PROBLEM REQUIREMENTS: Should the entries contain pictures, leave them out and return exactly the lines from the first through the line holding "Portrait of a".

WORKING DATA:
═══

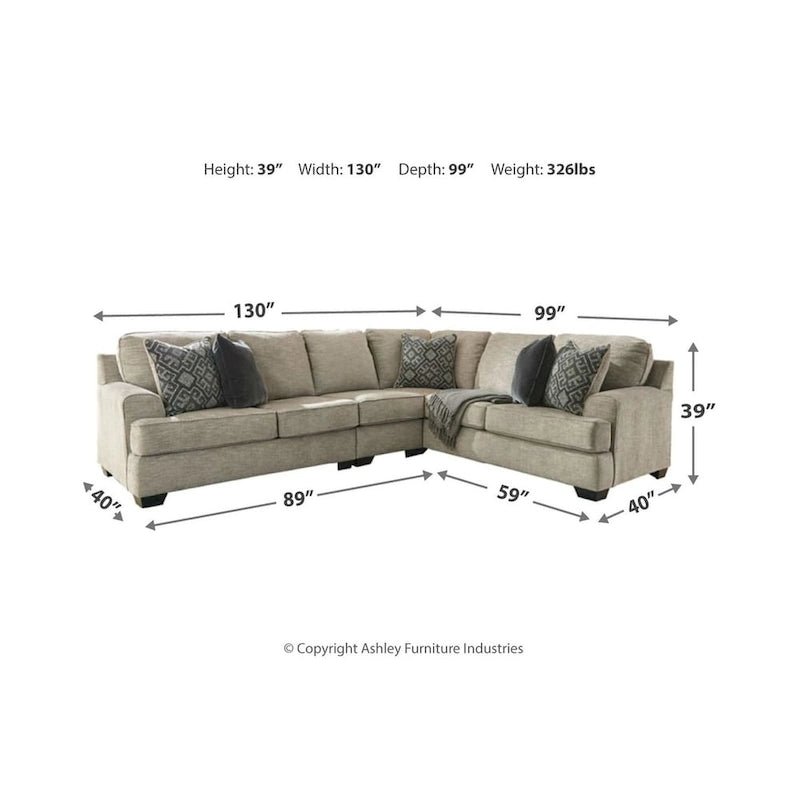 Canapé d'angle contemporain Bovarian 3 pièces en pierre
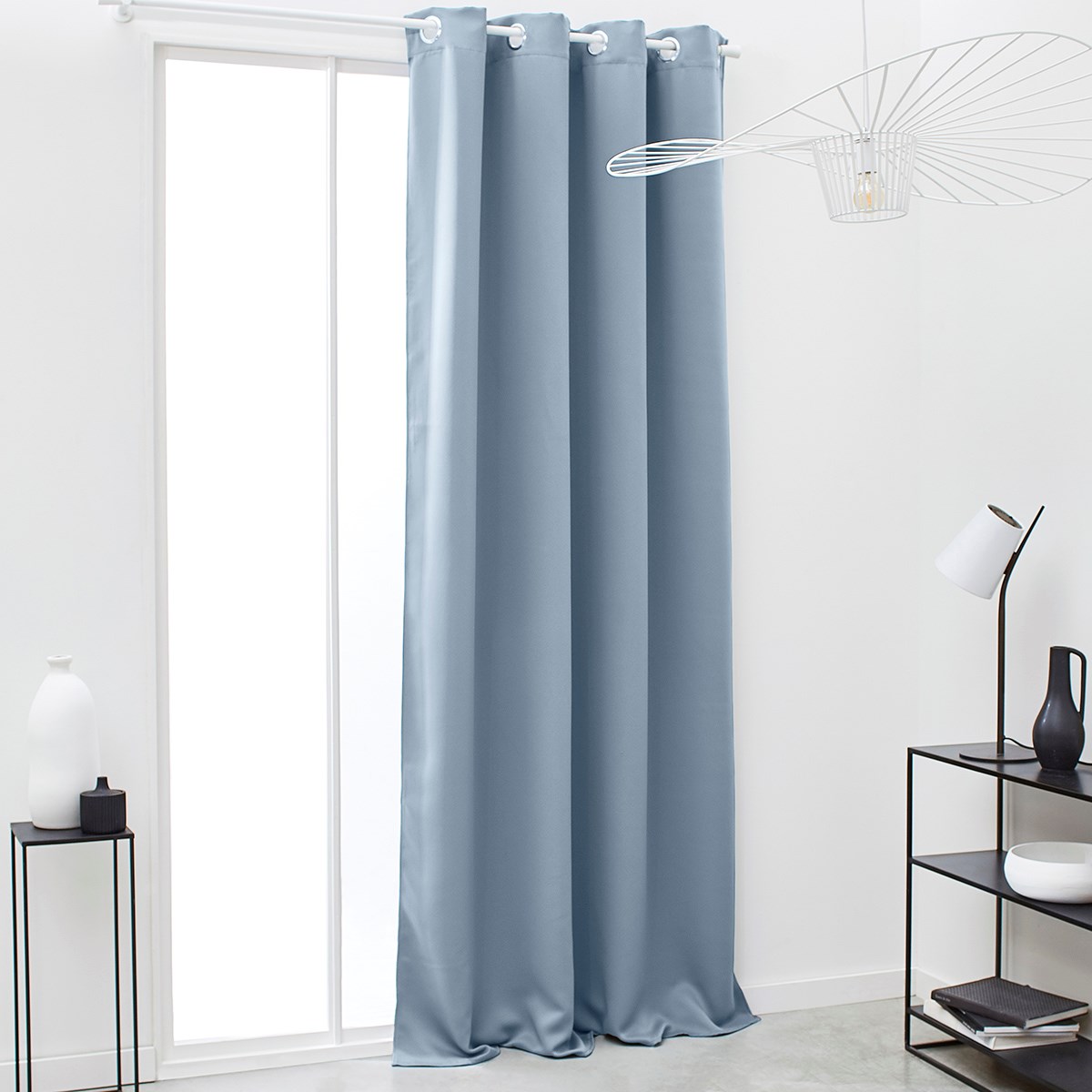 Plain blackout curtain with eyelets TODAY LINGE DE MAISON Blue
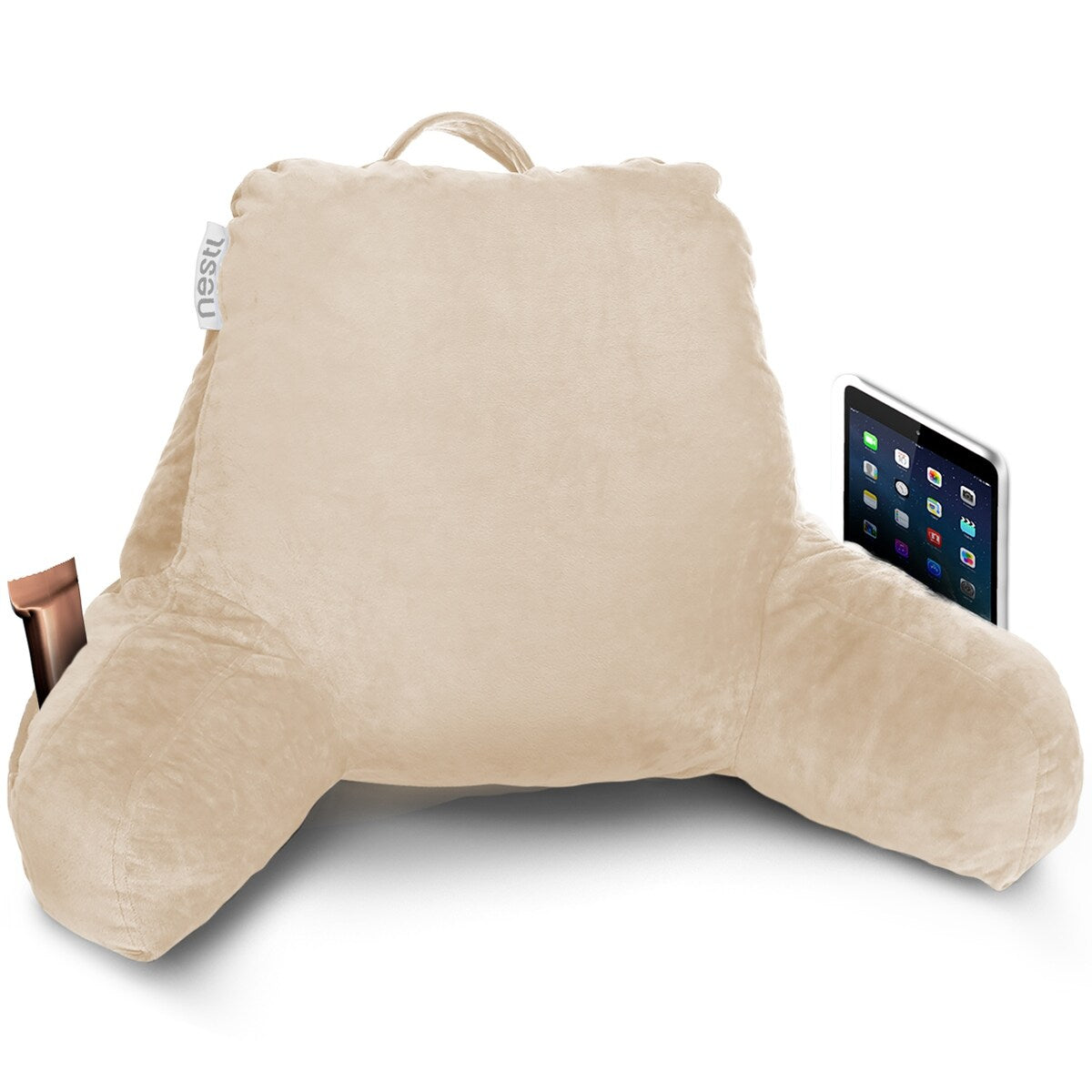 Nestl Memory Foam Reading Pillow with Backrest, Arms and Pockets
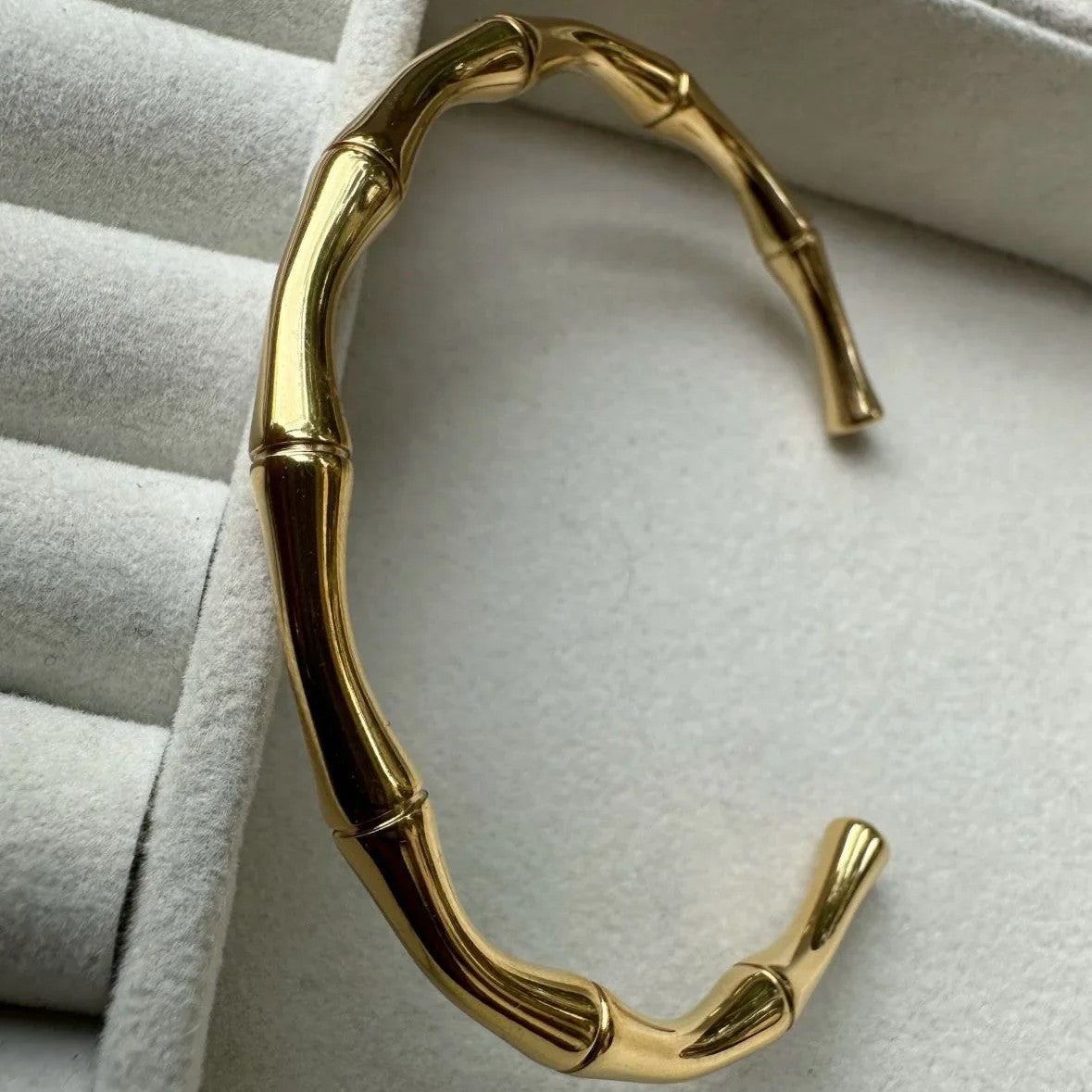 Jazbaat Gold-Plated Bamboo Design Slip-On Cuff Bracelet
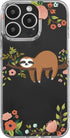 Blingy's Cute Sloth Pattern Phone Case for iPhone 13 Pro, Transparent Soft TPU Protective Clear Case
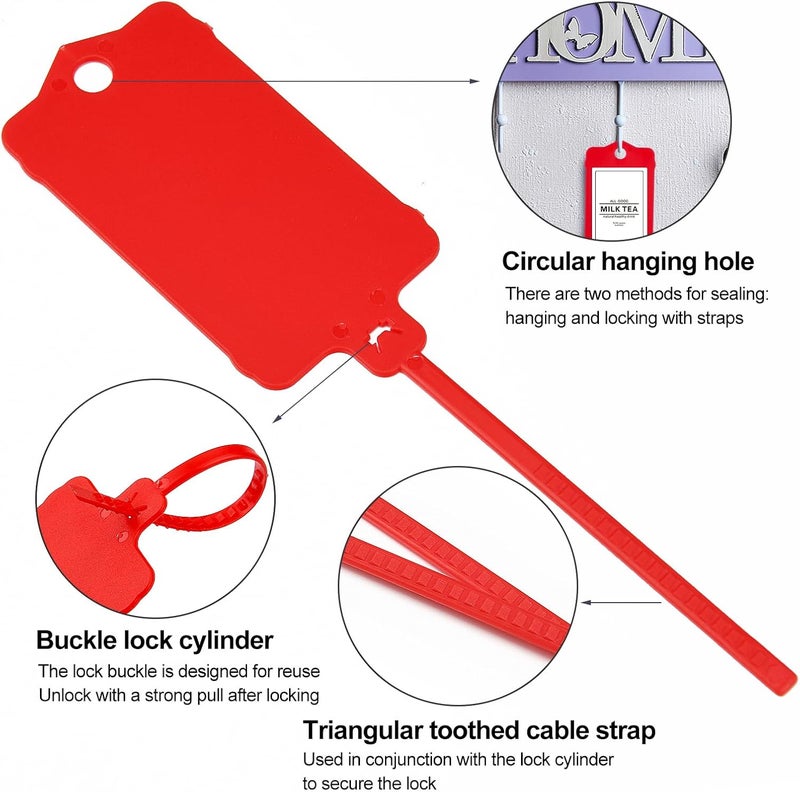 LeadSeals 100pcs Blank Plastic Tags for Labeling Reusable Hanging Tags Ties Key Tag Storage Labels Waterproof Plastic Mark Label Writable Hang Sign with One Marker Pen (Red) - Image 4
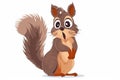 Portrait of a funny very surprised squirrel. AI generated Royalty Free Stock Photo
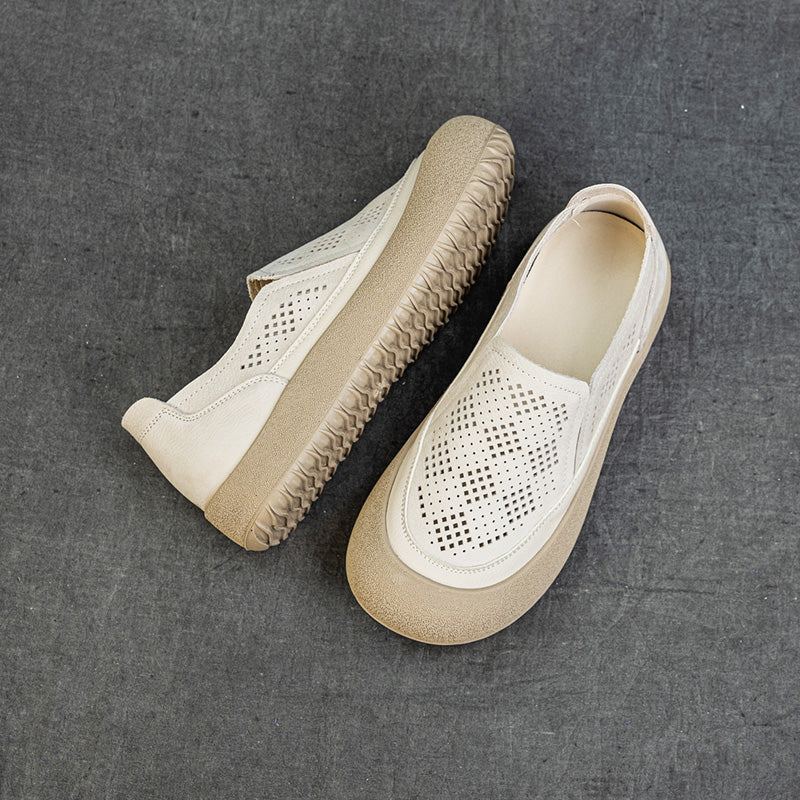 Womens Summer Perforated Leather Slip-on Loafers Breathable Platform Casual Walking Shoes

═══

REPLY:
 Canapé d'angle contemporain Bovarian 3 pièces en pierre
 Plain blackout curtain with eyelets TODAY LINGE DE MAISON Blue
 Nestl Memory Foam Reading Pillow with Backrest, Arms and Pockets
 Jazbaat Gold-Plated Bamboo Design Slip-On Cuff Bracelet
 Blingy's Cute Sloth Pattern Phone Case for iPhone 13 Pro, Transparent Soft TPU Protective Clear Case
 LeadSeals 100pcs Blank Plastic Tags for Labeling Reusable Hanging Tags Ties Key Tag Storage Labels Waterproof Plastic Mark Label Writable Hang Sign with One Marker Pen (Red) - Image 4
 Portrait of a funny very surprised squirrel. AI generated Royalty Free Stock Photo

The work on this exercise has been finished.